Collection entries

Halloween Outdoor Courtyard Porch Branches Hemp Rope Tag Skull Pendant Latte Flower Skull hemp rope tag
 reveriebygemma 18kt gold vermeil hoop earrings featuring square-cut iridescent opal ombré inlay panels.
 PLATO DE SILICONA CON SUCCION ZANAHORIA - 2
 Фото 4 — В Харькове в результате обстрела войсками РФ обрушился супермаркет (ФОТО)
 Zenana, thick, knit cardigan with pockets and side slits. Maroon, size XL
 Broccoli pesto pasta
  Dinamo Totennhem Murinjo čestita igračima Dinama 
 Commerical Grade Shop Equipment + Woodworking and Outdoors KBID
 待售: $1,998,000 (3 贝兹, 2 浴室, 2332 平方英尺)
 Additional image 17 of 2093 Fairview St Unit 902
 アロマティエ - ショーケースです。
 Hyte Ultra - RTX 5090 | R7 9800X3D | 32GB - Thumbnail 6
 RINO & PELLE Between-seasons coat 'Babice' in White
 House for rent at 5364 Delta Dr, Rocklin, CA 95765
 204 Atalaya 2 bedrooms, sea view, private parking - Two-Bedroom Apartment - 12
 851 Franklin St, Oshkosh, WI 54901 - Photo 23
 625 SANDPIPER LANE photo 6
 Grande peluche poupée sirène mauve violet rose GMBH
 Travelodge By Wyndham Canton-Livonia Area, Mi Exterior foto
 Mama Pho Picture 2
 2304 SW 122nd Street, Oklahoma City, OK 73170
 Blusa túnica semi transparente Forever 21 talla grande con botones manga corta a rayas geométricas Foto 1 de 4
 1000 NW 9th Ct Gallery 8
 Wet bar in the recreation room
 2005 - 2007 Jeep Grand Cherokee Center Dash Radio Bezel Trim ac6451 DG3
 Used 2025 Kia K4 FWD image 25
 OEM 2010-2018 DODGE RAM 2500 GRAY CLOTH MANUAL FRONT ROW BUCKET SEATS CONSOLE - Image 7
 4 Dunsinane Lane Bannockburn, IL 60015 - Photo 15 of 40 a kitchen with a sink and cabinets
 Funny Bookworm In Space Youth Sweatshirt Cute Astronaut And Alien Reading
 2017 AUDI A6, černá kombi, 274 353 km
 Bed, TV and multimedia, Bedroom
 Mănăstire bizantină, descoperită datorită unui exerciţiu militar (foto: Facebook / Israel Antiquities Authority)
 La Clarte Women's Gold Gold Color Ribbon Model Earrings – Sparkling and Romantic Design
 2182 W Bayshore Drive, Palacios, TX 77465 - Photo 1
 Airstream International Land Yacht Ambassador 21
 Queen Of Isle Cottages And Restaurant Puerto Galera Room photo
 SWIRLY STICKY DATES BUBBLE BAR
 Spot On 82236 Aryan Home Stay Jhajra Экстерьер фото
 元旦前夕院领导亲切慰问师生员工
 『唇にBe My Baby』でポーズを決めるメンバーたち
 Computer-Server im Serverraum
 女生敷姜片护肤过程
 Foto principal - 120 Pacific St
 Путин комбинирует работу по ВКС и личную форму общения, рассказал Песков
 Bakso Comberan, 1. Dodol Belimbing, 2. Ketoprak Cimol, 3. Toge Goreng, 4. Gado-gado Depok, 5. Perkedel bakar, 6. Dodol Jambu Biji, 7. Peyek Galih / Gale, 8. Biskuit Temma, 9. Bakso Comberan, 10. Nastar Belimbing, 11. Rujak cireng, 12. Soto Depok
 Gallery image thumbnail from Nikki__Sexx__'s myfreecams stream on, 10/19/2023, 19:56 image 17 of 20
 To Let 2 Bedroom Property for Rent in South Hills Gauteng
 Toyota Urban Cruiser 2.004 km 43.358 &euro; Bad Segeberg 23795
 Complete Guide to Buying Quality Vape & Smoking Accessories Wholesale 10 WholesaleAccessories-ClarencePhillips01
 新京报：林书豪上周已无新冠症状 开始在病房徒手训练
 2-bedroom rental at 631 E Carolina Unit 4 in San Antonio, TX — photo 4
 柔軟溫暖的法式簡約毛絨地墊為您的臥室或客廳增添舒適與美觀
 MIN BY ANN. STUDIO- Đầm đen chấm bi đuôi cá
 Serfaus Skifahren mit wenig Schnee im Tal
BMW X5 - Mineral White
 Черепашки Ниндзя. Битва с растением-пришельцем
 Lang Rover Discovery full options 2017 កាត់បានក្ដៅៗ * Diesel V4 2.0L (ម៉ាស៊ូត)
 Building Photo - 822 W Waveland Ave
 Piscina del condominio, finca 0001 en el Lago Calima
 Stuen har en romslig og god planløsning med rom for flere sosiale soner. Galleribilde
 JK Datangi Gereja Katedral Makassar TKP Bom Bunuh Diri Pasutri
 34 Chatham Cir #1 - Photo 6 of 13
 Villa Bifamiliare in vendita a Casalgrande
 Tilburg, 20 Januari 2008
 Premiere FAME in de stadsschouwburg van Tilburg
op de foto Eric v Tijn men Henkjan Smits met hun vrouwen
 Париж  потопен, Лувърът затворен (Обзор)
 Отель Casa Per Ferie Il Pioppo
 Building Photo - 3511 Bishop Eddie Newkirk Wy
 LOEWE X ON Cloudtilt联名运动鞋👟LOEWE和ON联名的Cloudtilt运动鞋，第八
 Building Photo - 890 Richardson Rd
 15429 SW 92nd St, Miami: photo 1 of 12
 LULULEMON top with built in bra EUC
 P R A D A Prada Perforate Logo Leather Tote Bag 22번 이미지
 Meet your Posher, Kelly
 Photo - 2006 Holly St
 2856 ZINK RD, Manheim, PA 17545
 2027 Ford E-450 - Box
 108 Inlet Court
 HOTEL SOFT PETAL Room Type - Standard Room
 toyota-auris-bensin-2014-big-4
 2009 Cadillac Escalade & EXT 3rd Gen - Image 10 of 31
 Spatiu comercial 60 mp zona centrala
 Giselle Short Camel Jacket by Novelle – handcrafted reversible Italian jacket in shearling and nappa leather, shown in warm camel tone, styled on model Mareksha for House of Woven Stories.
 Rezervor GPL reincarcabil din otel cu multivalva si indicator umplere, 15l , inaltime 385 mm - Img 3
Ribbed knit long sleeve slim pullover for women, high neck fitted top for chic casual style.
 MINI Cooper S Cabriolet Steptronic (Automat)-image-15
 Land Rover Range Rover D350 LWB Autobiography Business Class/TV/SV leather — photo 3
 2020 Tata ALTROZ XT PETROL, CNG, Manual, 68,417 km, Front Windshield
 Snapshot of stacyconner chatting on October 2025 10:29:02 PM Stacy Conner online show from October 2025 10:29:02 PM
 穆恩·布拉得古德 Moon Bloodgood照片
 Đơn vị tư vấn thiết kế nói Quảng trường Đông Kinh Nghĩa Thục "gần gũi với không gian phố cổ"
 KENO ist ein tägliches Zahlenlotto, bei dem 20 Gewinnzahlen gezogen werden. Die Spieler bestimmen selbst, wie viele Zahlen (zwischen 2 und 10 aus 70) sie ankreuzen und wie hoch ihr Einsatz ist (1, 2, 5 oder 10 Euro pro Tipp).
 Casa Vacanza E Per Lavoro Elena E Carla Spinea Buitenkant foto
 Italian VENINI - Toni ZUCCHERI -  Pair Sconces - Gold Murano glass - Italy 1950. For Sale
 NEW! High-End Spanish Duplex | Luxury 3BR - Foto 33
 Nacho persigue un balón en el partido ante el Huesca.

▸ **What is needed**: Print each line, starting with the one that contains "KENO ist ein" and ending with the last line of the data, exactly as it stands and with no other lines.

▸ **Reply**:
 KENO ist ein tägliches Zahlenlotto, bei dem 20 Gewinnzahlen gezogen werden. Die Spieler bestimmen selbst, wie viele Zahlen (zwischen 2 und 10 aus 70) sie ankreuzen und wie hoch ihr Einsatz ist (1, 2, 5 oder 10 Euro pro Tipp).
 Casa Vacanza E Per Lavoro Elena E Carla Spinea Buitenkant foto
 Italian VENINI - Toni ZUCCHERI -  Pair Sconces - Gold Murano glass - Italy 1950. For Sale
 NEW! High-End Spanish Duplex | Luxury 3BR - Foto 33
 Nacho persigue un balón en el partido ante el Huesca.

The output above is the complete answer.